Willamette Valley/Metro – Although far from impressive fishing, spring Chinook are more than a dream! Of course only a handful have been caught, but trollers working upstream of Davis Bar have been netting a rare, but nice sized spring Chinook. Catches are still too sparse to call the fishery viable, that’s how slow it remains, but there is hope on the horizon! Cold, high water will persist, and that won’t help anglers boat any better numbers of salmon, but there’s no better tasting fish than a March spring Chinook, and you won’t catch one on the couch!
Lower Willamette anglers should steer clear for a while as the water is too high, muddy and swift to fish. Debris washing downstream can and will take down a boat. Conditions will be improving and spring Chinook fishing will improve, eventually.
While the McKenzie River can be a fly fishers heaven, there’s gonna be nothing heavenly about the Mack over the next several days.
As has been the case with the Santiams lately, there’s too much water and not enough fish.
As the Clackamas River will be too high to fish for a while, Dave Neels of Oregon City Fisherman’s Marine (503-557-3313), sagely advises steelheaders to wait it out. Once conditions improve and springer fishing starts up again, it’ll thin out the competition on the Clack.
Sandy River levels are high and murky, but pro fishing guide Jeff Stoeger (http://guideoregon.com/) tells TGF that once conditions improve, winter steelhead will be scattered throughout.
Northwest – Two significant storm systems kept Tillamook area steelheaders largely off the water, especially in the larger, hatchery steelhead streams this week. That looks to be changing for the upcoming week.
Small stream steelheaders have been yielding mediocre results, with the Kilchis remaining one of the better options, but largely only for wild fish.
Bank anglers working the Necanicum are catching a few, and even fewer on the North Fork Nehalem and Three Rivers.
If dropping river trends continue as predicted, the weekend should fish fairly and only fairly, despite being in peak season.
East winds are predicted for early next week. That’s a long ways off for an ocean prediction however. When seas do calm, bottomfishing will be terrific.
Southwest – Author, publisher and prolific blogger, Pete Heley (peteheley.com) sends us some pretty cool information. Like where and how to catch the next record-breaking yellow perch, inside info about springers on the Umpqua, all that stuff.

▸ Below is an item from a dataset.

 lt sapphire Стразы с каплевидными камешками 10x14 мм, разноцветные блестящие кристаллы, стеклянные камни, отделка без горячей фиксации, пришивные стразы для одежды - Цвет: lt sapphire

We don’t usually quote him here, but this week he seemed eminently quotable.
Mr. Heley wrote, “I find it reprehensible that the commissioners have not only reneged on the CRE Plan, but are attempting to convince the WDFW commissioners to do likewise. It seems that the entire amount of money collected on Columbia River Enhancement fishing license surcharges is at risk of being refunded via a class action suit.
There is a ODFW Commission meeting in Salem this week that will address the controversy – and hopefully do something about it.
The Fish and Wildlife Commission will meet Friday, March 17 at the Benton County Fairgrounds (Guerber Hall, 110 SE 53rd Street, Corvallis) to reconsider their rules on Columbia River Fisheries Reform adopted Jan. 20. Friday’s meeting starts at 8 a.m. and follows this agenda http://ift.tt/2mU2dhD”
Ocean crabbing remains open but has slowed. Crab may also be taken in bays and estuaries but results are poor following rain.
Bottom fishing has been good whenever boats can get out. Rockfish and ling cod limits are common in winter.
Oh, what a shame, the springer season hasn’t amounted to much on the lower Rogue but it’s blown out with more high water in the forecast. It’s the same for the middle and upper Rogue, unfortunately.
Chetco River levels are high (no surprise) and rising with the levels yo-yo-ing through the coming week. Plunkers should watch for opportunity windows.
Eastern – With Deschutes flows rising as they assume a muddy hue, we kindly recommend fly anglers look elsewhere for a few days.
A common situation, rising water, has been evident on the Metolius River for over a week. Runoff will make it muddy. Not the best fishing destination this weekend.
Fly fishers fond of the Fall River may soon be able to fish it as improving weather has brought warmer temperatures, which is just about keeping ahead of the snowfall.
Due to a new-ish regulation for Detroit Lake which dropped the ‘under 24 in Chinook are trout’ rule, there will no longer be a landlocked Chinook fishery. No flames; we know.
SW Washington – SW Washington anglers are starting to pick up some spring Chinook. Although lower Columbia anglers tallied just one springer for every 70 rods, by comparison, Cowlitz River anglers caught one springer for every 23 rods. Steelhead are falling in fair numbers on the Cowlitz as well.
The Kalama is still putting out some steelhead, and should continue to improve when water conditions do, but the Lewis remains exceptionally slow, and that likely won’t change until water conditions do.